Из цикла «Невыдуманные истории»
МОТОР СПИЗДИЛИ
Солнечный день, осень. Я бреду по берегу, загребая песок ногами. Я заставляю себя думать, как втиснуть навалившуюся работу в оставшееся до полуночи время. Когда всё сущее превратится в крыс и тыквы.
С радостью бросаю думать, заметив привязанную к загончику из досок моторку на воде. Теперь я могу думать о ней.
Рядом с моторкой, ворочающейся в загончике - 40-футовый контейнер, из контейнера труба, из трубы дымок. Одна створка приоткрыта. Сую голову внутрь, не снимая шапки и капюшона - если ёбнут трубой, самортизирует.

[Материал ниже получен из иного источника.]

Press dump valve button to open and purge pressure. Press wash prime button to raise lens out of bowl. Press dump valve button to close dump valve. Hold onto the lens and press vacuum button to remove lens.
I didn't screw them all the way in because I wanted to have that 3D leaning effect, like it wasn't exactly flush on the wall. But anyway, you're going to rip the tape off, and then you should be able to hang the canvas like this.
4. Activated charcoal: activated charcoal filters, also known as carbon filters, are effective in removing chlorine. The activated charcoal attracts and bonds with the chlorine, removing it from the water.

"Хозяин, у тебя лодка на ходу? Перевези на тот берег, тоска".
Хозяин, щуплый, но жилистый мужичок, типаж дембеля АТО, сидит в камуфляже и белых вязаных носках с ногами на полатях. Черные резиновые сапоги в углу.

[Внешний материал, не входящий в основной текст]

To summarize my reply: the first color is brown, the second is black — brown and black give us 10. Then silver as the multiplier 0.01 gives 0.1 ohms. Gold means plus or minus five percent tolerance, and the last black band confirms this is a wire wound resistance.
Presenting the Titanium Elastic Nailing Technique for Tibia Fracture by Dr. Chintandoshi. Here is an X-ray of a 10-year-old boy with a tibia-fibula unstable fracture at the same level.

"Не, не на ходу. Извини, земляк. Бензина нет. И мотор спиздили", - говорит он. В руках у него миска с дымящимся борщом и четвертушка черного хлеба. На дощатом, из поддона сделанном столе - початая пол-литра и разрезанная луковица.
За его спиной на полатях, вся в разоренном ворохе одеял - сытая голая баба, рыхлая, белая, мерцающая молочно в полутьме. Всё вязнет в дыму синих "Прилук" и густом запахе женского мускуса и полученного сполна наслаждения.
Баба смотрит на меня спокойно и снисходительно, и держит в холеной руке пустой прозрачный пластиковый стакан. В вагончике натоплено, в печке трещит сосновая щепа.
"Жаль, что спиздили", - говорю я, пытаясь осознать картину.
"Накатишь?", - говорит он.
"Не, спасибо", - говорю я.
"Дунешь может?"
Я мотаю головой, и собираюсь сбежать, пока он не предложил мне борща с луком или женщину.
Он пожимает тощими плечами, на которых висит, как на вешалке, новая и чистая тельняшка. Баба хмыкает и упоенно потягивается.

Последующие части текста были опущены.